Sun. Nov 24th, 2024

19 August 2021

The European Banking Authority (EBA) published today 12 indicators and updated the underlying data from the 31 largest institutions in the EU. This end-2020 data serves as input for the internationally agreed standards on which a smaller subset of banks will be identified as global systemically important institutions (G-SIIs), following the final decision from the Basel Committee on Banking Supervision (BCBS) and the Financial Stability Board (FSB). The EBA, acting as a central data hub in the disclosure process, updates this data on a yearly basis and provides a user-friendly platform to aggregate it across the EU.

A stable sample of 27 institutions shows that the aggregate amount for total exposures, as measured for the leverage ratio, increased by 6.3%, the fastest pace on record, and stood at EUR 20.3 trillion at the end of 2020. Underwriting and payments activities increased by 31.4% and 5.5%, respectively, while aggregate values for trading and available-for-sale-securities increased by 9.9%. Equally, the value for both cross-jurisdictional claims and liabilities rose to the highest value since 2013 standing at EUR 8.1 trillion (3.7% increase from end-2019) and EUR 6.2 trillion (4.9% increase from end-2019), respectively. Conversely, securities outstanding decreased by 8.1% from end-2019, totally offsetting the 5.8% increase observed last year.

Background legal basis and next steps

The EBA Guidelines on disclosure of G-SIIs define uniform requirements for disclosing the values used during the identification and scoring process of G-SIIs, in line with the internationally agreed standards developed by the BCBS and the FSB.

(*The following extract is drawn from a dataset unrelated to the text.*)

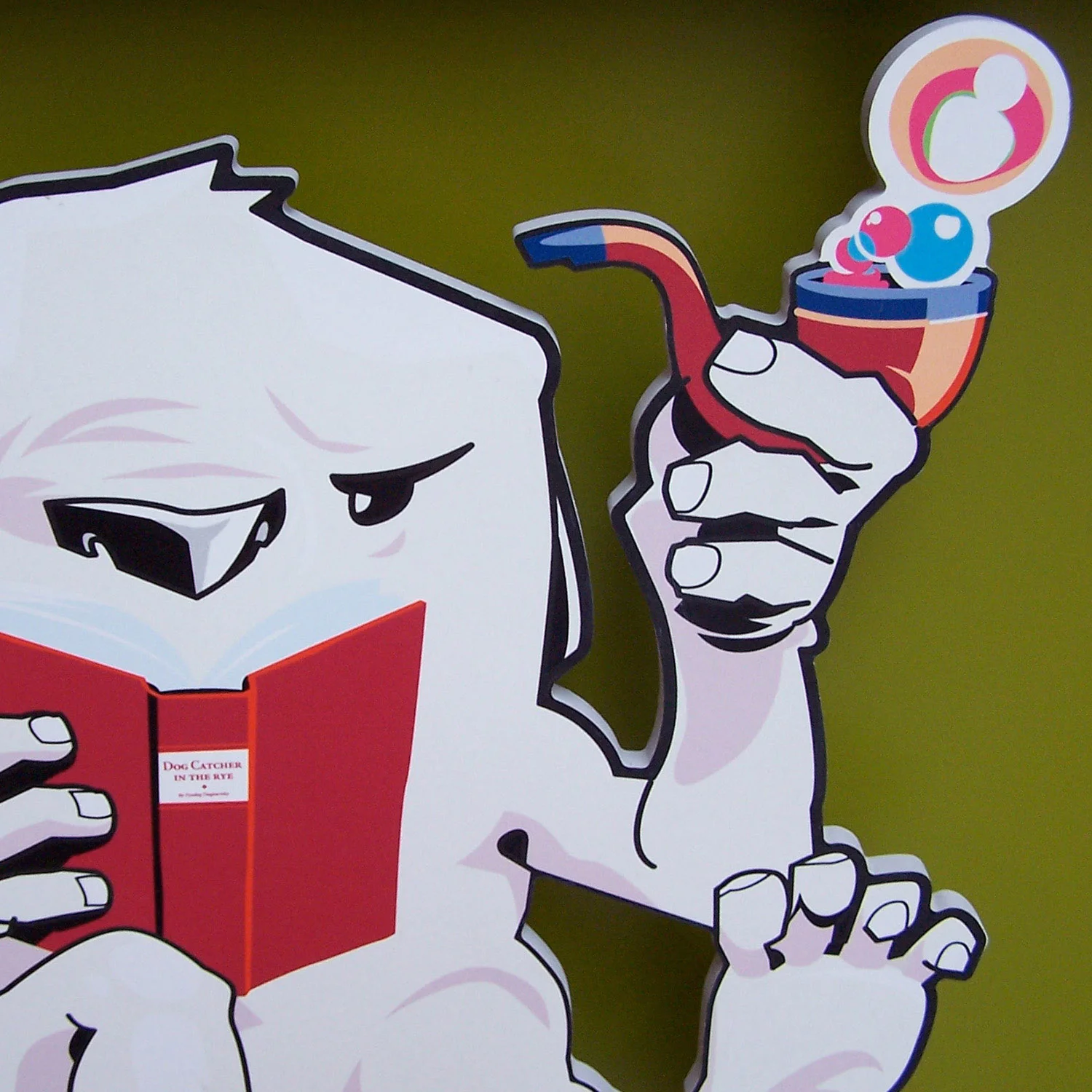 Close-up of character cut-out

To promote a level playing field in the EU regarding these requirements and to increase transparency on the internal financial market, the current level of disclosure goes beyond the minimum standards required by the BCBS, both in terms of granularity of the disclosed information and applicable scope of institutions. Consequently, some of the group-specific templates currently published belong to institutions that have not contributed directly to the BCBS’s G-SIB exercise.

The Regulatory Technical Standards (RTS) on the specification of the methodology for the identification and definition of subcategories of G-SIIs, and Guidelines on disclosure of G-SIIs have been developed in accordance with Directive 2013/36/EU (Capital Requirements Directive – CRD IV) on the basis of internationally agreed standards, such as the framework established by the BCBS and the FSB.

The identification of a G-SII, which leads to higher capital buffer requirements, falls under the responsibility of national competent authorities and this process is updated by December 15 every year. The identification will be based on the disclosure of global denominators and G-SIB exercise results, which are expected to be published by the BCBS and the FSB in November each year. Any higher capital buffer requirements will then apply after about one year from the publication by competent authorities of banks’ scoring results, thus allowing institutions enough time to adjust to the new buffer requirement.